In the shadow of the towering Council of Five (see above), the Executive Committee of the Preparatory Commission of the United Nations Organization buzzed along in London. Its 14 delegates had to decide when & where the first U.N.O.

Assembly would meet, and what it would do. Despite the hurry-up efforts of Edward R. Stettinius Jr., the committeemen sometimes haggled for hours over the inclusion, omission or interpretation of a single word.

Ed Stettinius wanted an organizational meeting of the Assembly in November or early December, at which special committees, as well as the permanent councils provided for in the charter, would be selected to draw up agenda for the first plenary session in the spring of 1946.

Russian Delegate Andrei Gromyko (Soviet Ambassador to Washington) objected.
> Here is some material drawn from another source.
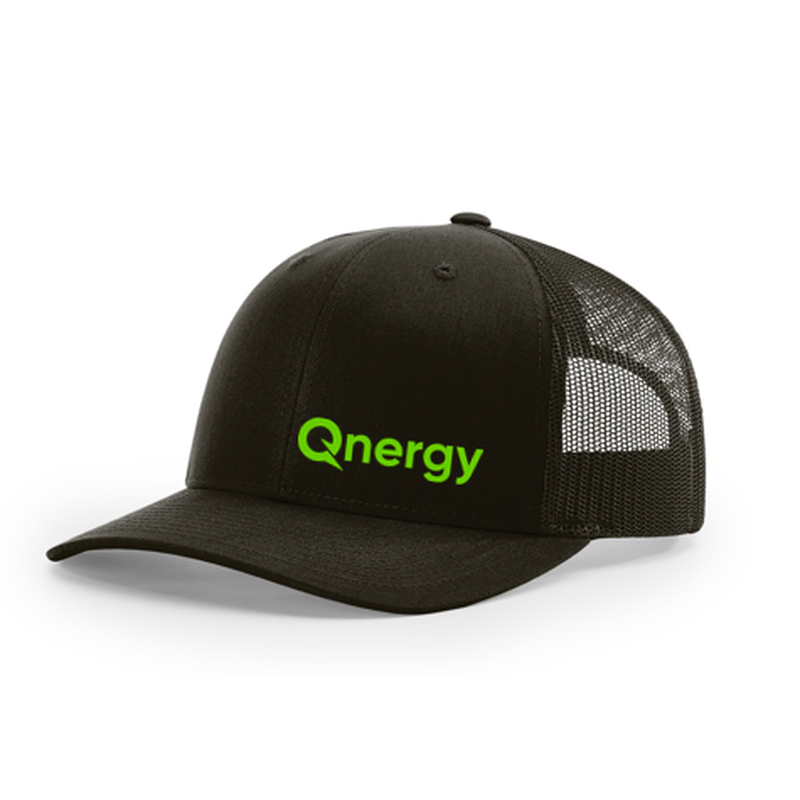 QNERGY RICHARDSON 6 PANEL TRUCKER HAT - BLACK SIDE PANEL LOGO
Apparently the Russians were afraid that the committees appointed at the first meeting would invade the agenda-planning prerogatives of the permanent councils. (Most of the small nations in the Assembly would like to do just that.) Gromyko insisted on a continuous session, the plenary meeting following immediately after the organizational.

No matter what you called the first Assembly, he said, it could not be other than organizational. “If we have a chicken and call it a fish, it doesn’t mean that the chicken has been converted into a fish.”

At one point Gromyko was in danger of being summarily voted down. Finally he was placated by laborious restrictions upon the committees to be appointed at the first Assembly, which was to meet in December.

Where? Subcommittee 10 of the Executive Committee had the task of picking a permanent headquarters for U.N.O. Dozens of cities all over the world have been mentioned, but last week the three leading candidates seemed to be Geneva, Copenhagen and San Francisco. Geneva has one enormous advantage: the $13,000,000 buildings and some of the existing machinery of the League of Nations.

The Russians favor Vienna or Prague, which almost no one else wants. They have uncomfortable memories of Geneva, where Maxim Litvinoff once pleaded in vain for total disarmament and where the Soviet Union was bounced out of the League in 1939. But since these are hardly logical objections as of 1945, the Russians have indicated that they might just possibly consider Geneva, after all.